▸ REQUIREMENT
Please return only the lines from the one holding "Hello and welcome, my" through the one holding "Master Control, which", exactly as they appear in the records below, both ends included.

▸ DATA FOR THE TASK
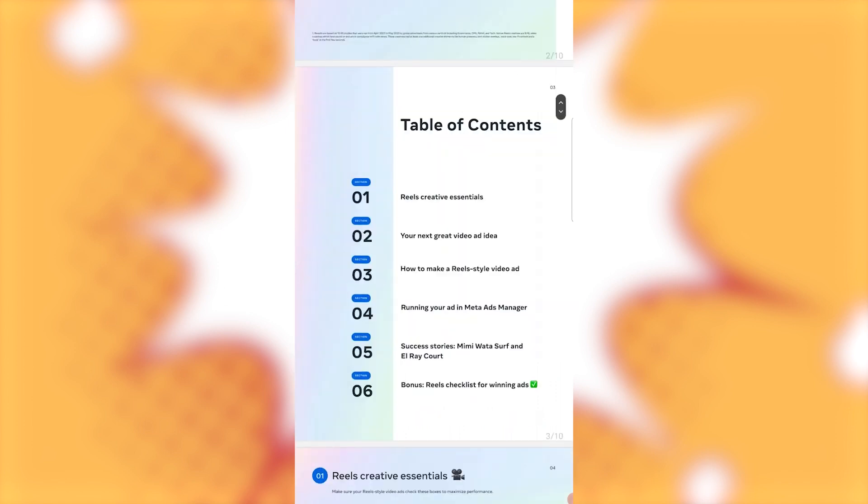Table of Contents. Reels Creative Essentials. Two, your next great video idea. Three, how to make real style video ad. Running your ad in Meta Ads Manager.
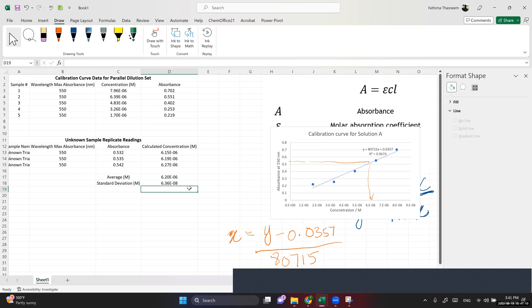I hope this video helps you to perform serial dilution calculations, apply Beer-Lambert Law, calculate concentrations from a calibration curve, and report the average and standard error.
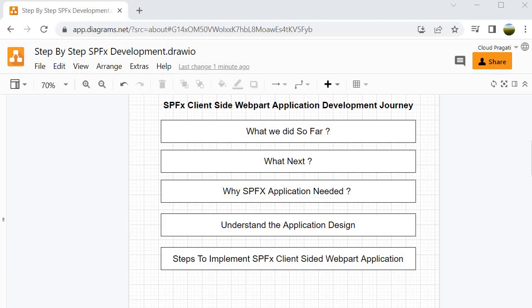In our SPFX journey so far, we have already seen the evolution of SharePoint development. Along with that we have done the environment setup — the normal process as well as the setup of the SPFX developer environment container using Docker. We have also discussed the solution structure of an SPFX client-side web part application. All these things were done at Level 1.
---
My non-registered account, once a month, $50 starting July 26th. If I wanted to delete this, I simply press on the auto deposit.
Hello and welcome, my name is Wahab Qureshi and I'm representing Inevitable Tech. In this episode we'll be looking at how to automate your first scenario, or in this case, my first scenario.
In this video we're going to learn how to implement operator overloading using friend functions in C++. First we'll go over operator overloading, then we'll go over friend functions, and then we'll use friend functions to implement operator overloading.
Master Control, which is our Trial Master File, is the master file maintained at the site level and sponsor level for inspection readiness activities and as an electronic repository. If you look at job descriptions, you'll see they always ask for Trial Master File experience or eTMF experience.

▸ EXERCISE RESPONSE
Hello and welcome, my name is Wahab Qureshi and I'm representing Inevitable Tech. In this episode we'll be looking at how to automate your first scenario, or in this case, my first scenario.
In this video we're going to learn how to implement operator overloading using friend functions in C++. First we'll go over operator overloading, then we'll go over friend functions, and then we'll use friend functions to implement operator overloading.
Master Control, which is our Trial Master File, is the master file maintained at the site level and sponsor level for inspection readiness activities and as an electronic repository. If you look at job descriptions, you'll see they always ask for Trial Master File experience or eTMF experience.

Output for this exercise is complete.